Gordon Ramsay made his first big restaurant debut in May 2012, in Vegas with Gordon Ramsay Steak. Naming a restaurant after the owner, or a licensed name of a famous person is nothing new. However, not all celebrity names attached to restaurants are logical extensions for what they are known for. Prior to his Vegas debut, Gordon Ramsay has been best known stateside for his reality chef television shows, rather than his lesser-known restaurants. Opening a namesake restaurant in Vegas (a hyper-competitive market for high end restaurants), seems logical in the evolution of Gordon Ramsay’s brand. In this competitive market, his brand should pull in a strong following of tourists eager to eat at a restaurant of a well-known celebrity chef.
An acquaintance offered to become my financial advisor. Because I knew a few people who had hired her to advise them, there was some credibility in listening to her. However, when I considered other factors, it was no longer logical. She was in her mid-to-late 20’s, and splitting rent with her brother. Aside from a large network of friends, she had no obvious expertise. I passed on the offer.
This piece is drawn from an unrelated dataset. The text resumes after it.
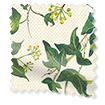 ColorizedSwatch Choices Ivy Green Roller Blind sample image 4172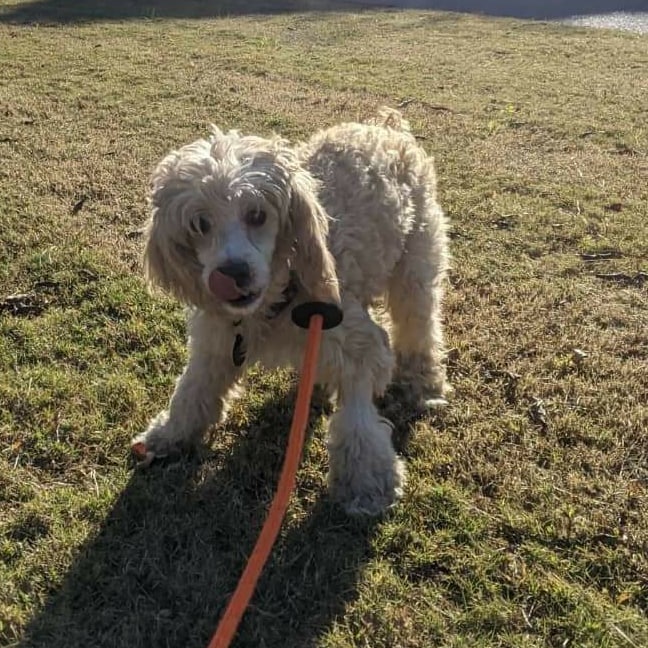 Did you know that November is National Adopt a Senior Pet month? Panko is a sweet senior (estimated to be between 7 - 10 years old) Miniature Poodle mix who we transferred in from our friends at @adoptable_dogs_of_vbac last month. Like most senior animals, Panko has some additional medical needs, but he doesn't let anything slow him down! Panko is as sweet and spunky as ever, and simply awaits a family who is willing to provide the care he needs in his golden years. ✨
Building consistent brands means pursuing opportunities, jobs, and responsibilities that match who you are. If you are not great with financial responsibility then don’t volunteer to handle the money for an organization. However, if you’re expertise is in marketing and advertising, volunteer on the marketing committee for a local charity.
Part of building a brand is protecting it as well. If you know your skill set is in deal making and strategy, don’t volunteer for the board secretary or treasurer role. Even if you perform well in either of these positions, taking on any roles outside of your personal brand is both wasteful and potentially harmful.
Clear brands are those brands that others can articulate without any help.
When you are not around do people comment on how great of a relationship builder you are? Do they know that you are a commercial real estate expert? If you are in the financial planning field, does your personal life reflect your expertise in this area?
Building a clear brand is something that takes a bit longer than logical or consistent brands. We are able to directly influence the logical and consistency of our brands, which indirectly affects the clarity of our brands. Ideally our friends, community, and audience should ‘get’ who we are and what we stand for. And over time with consistency in what we do, say, stand for, etc. they will.
Most people do not think about the importance of their brands being logical, consistent, and clear. In fact when asked, most people do not think personal brands really matter for them. In a perfect world it would be great not to worry about this. However, looking around at the high unemployment levels, stalled careers, and general malaise of trying to find a new job…it’s always a good time to re-think your personal brands and figure out just where you may need to adjust, focus, or tweak.
Is your personal brand logical, or illogical? Do you have a consistent and clear brand?